ROMEY SWANSON: So those are kind of the big drivers, historic, and now we're looking forward and in addition to those, we also see significant concerns from climate change and its influences on vegetational communities.
So can even without direct human pressures like land uses and development — are we going to see a shift in the type of trees that exist here that may not be compatible with the bird's needs in its natural history?
I believe that we're seeing, we can demonstrate negative impacts already, but to what degree of intensity and what does it look like when we project forward, particularly when we're looking at the opportunity at a moment in time for several different types of intervention — with no change, it looks grim.
If we really rally together to address some of these climate change challenges and focus on climate resiliency within our ecosystems, then we have a much prettier outlook on the opportunity in the future.
MARSHALL HINSLEY: Which is why Chrisman says that nature centers and green belts are essential for communities, because they carve out habitat that's vital for species preservation.
Even more, they create a place for people to discover the beauty of natural spaces and therefore develop a value for protecting them.
Katie Christman, an education specialist at Dogwood Canyon Audubon Center. Courtesy of Katie Christman.
KATIE CHRISTMAN: One of the things I love about Texas is the diversity of habitat and species that we have here. You know, some people have this misconception that Texas is flat.

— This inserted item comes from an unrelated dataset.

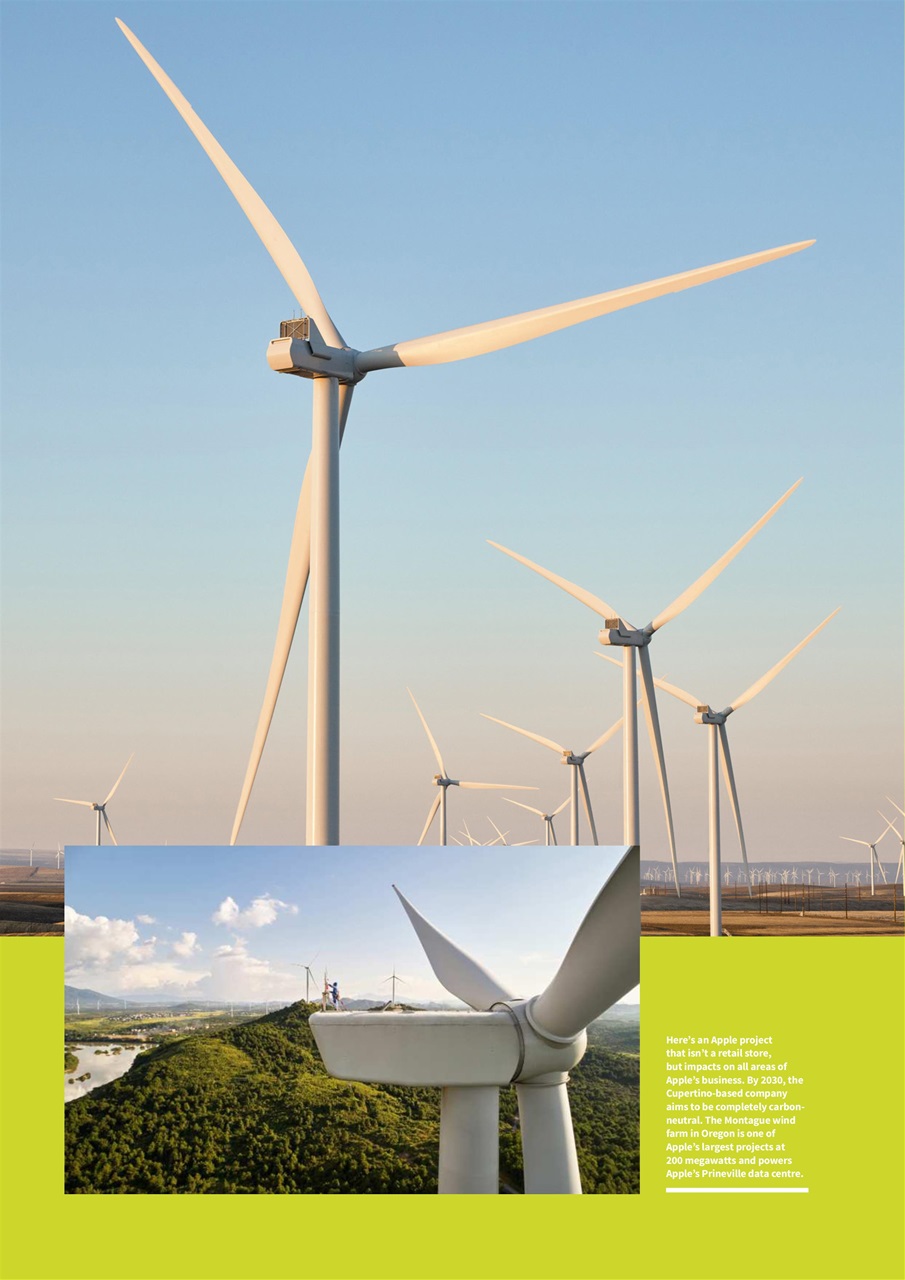 Essential Apple User Preview Pages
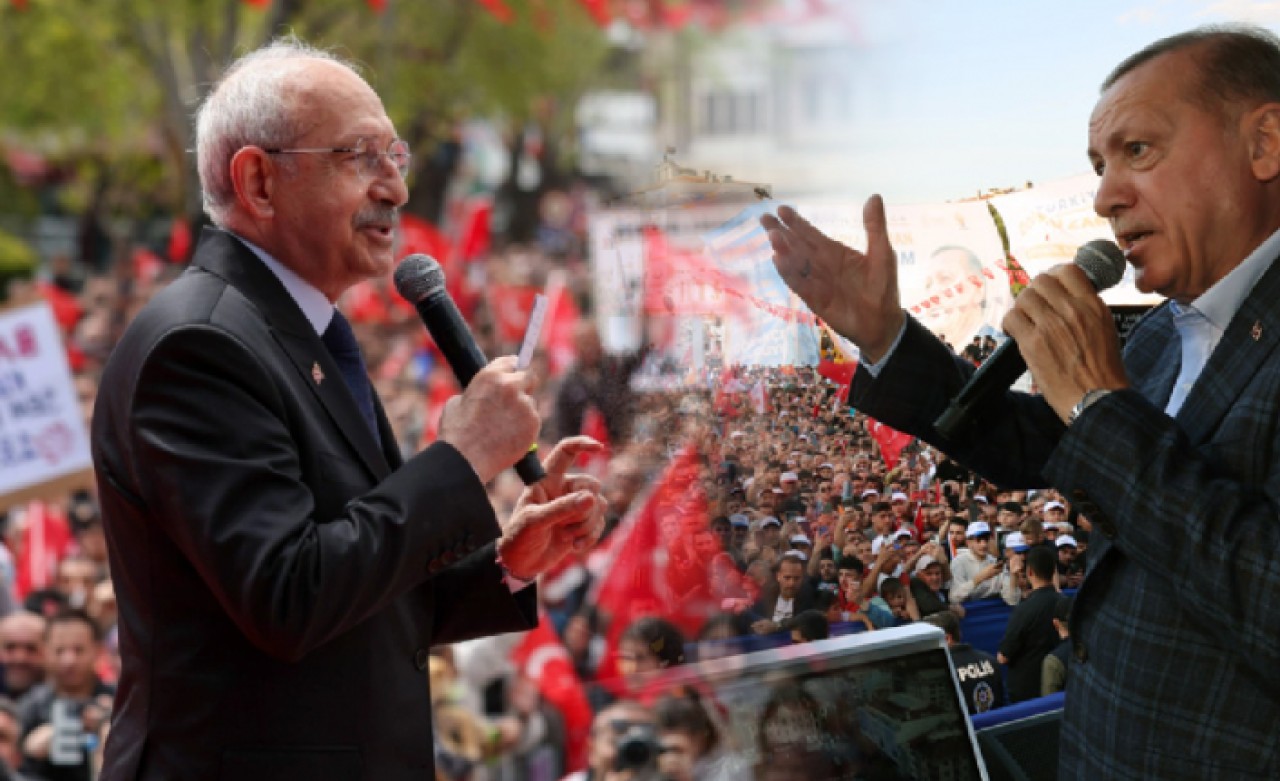Erdoğan ve Kılıçdaroğlu İstanbul’da aynı gün miting yapacak: Alanlar belli oldu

There's not a lot here and if you, you keep saying that, then you don't know Texas, as well as you think you do. Because you have the Panhandle, you have the Piney Woods, you have the Coast, and that is such a precious resource to have that diversity. Without the diversity of habitat, you won't have the diversity of species.
And so now is the time, if you've got young kids, get your kids outside, Connect them to nature. We have kids that come in with school groups and I've seen kids that are afraid of butterflies and I'm like, ‘no!’ Let's work on getting over that fear, getting connected to nature, developing that positive relationship. Because if you don't have that relationship, I can't then, and go say to you, hey, you gotta protect what's out there, if you don't know what's out there. So get outside and enjoy nature. Come to your local Audubon Center, like us. Come in. It's free to get in and just go hike on the trail. And if you don't know how to do that, let us know and we'll help you with that.